I'm presuming the rows in the way you've presented data don't necessarily mean anything ie there is no necessary link between the third yawn, third whisper, and third stretch. What you are interested in with the third yawn is "how close is this in time to any whisper - not just the third whisper".
For each yawn I would calculate the time to the nearest whisper and the time to the nearest stretch. And similarly for each whisper (calculate time to nearest stretch and time to nearest yawn); and for each stretch. Then I would calculate some kind of indicator statistics of the proximity of each behaviour to each of the other two - something like the trimmed mean distance in time to the nearest behaviour of the other type. (There will be six of these indicators, not just three, because the average time from a yawn to its nearest stretch is not the same as the average time from a stretch to its nearest yawn.)
This already will give you some sense of which behaviours are clustered together, but you also should check that this isn't plausibly due just to chance.

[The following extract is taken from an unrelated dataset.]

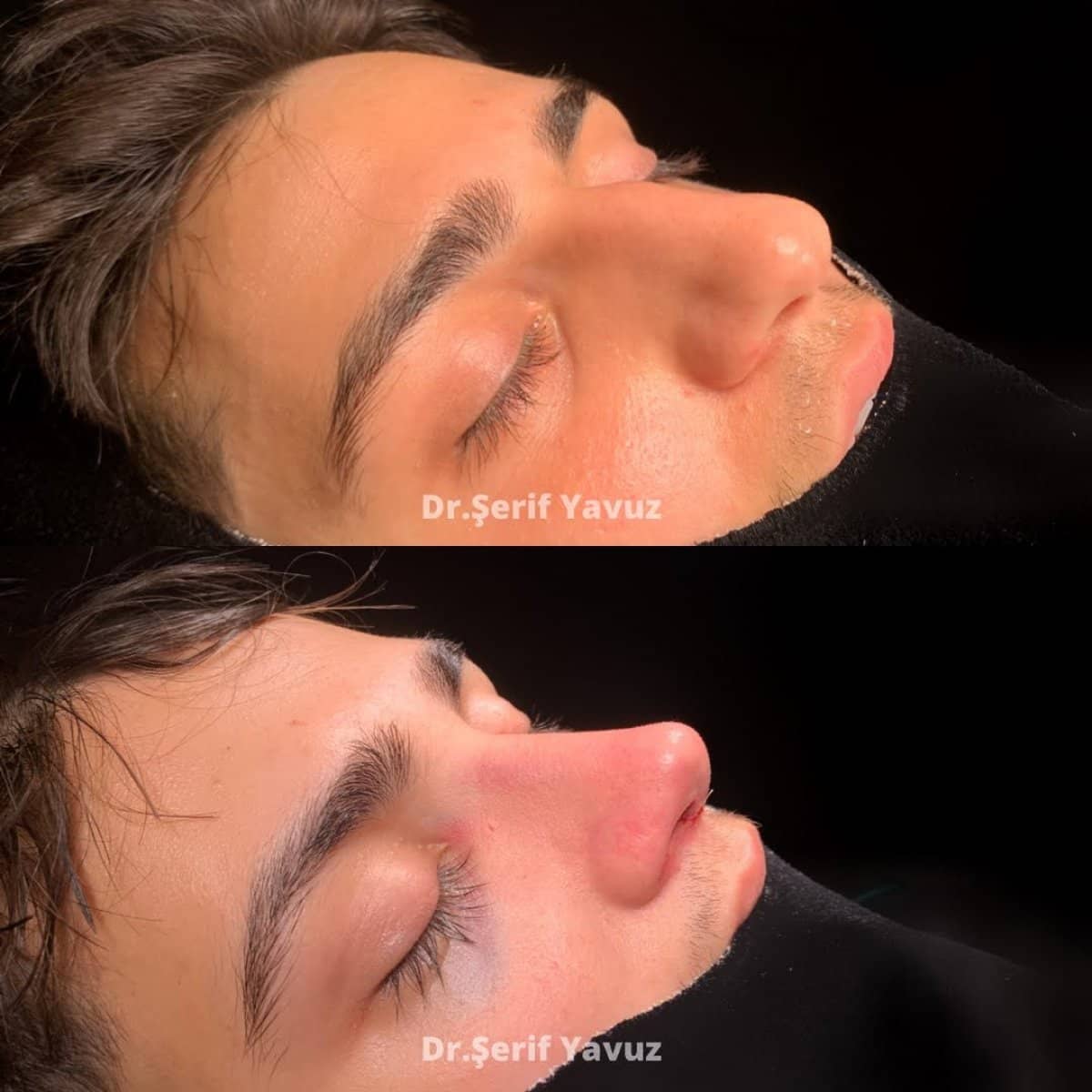 Case 20003 - rhinoplasty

To check that, I would create simulated data generated by a model under the null hypothesis of no relation. Doing this would require generating data for each behaviour's time from a plausible null model, probably based on resampling the times between each event (eg between each yawn) to create a new set of time stamps for hypothetical null model events. Then calculate the same indicator statistic for this null model and compare to the indicator from your genuine data. By repeating this simulation a number of times, you could find out whether the indicator from your data is sufficiently different from the null model's simulated data (smaller average time from each yawn to the nearest stretch, for example) to count as statistically significant evidence against your null hypothesis.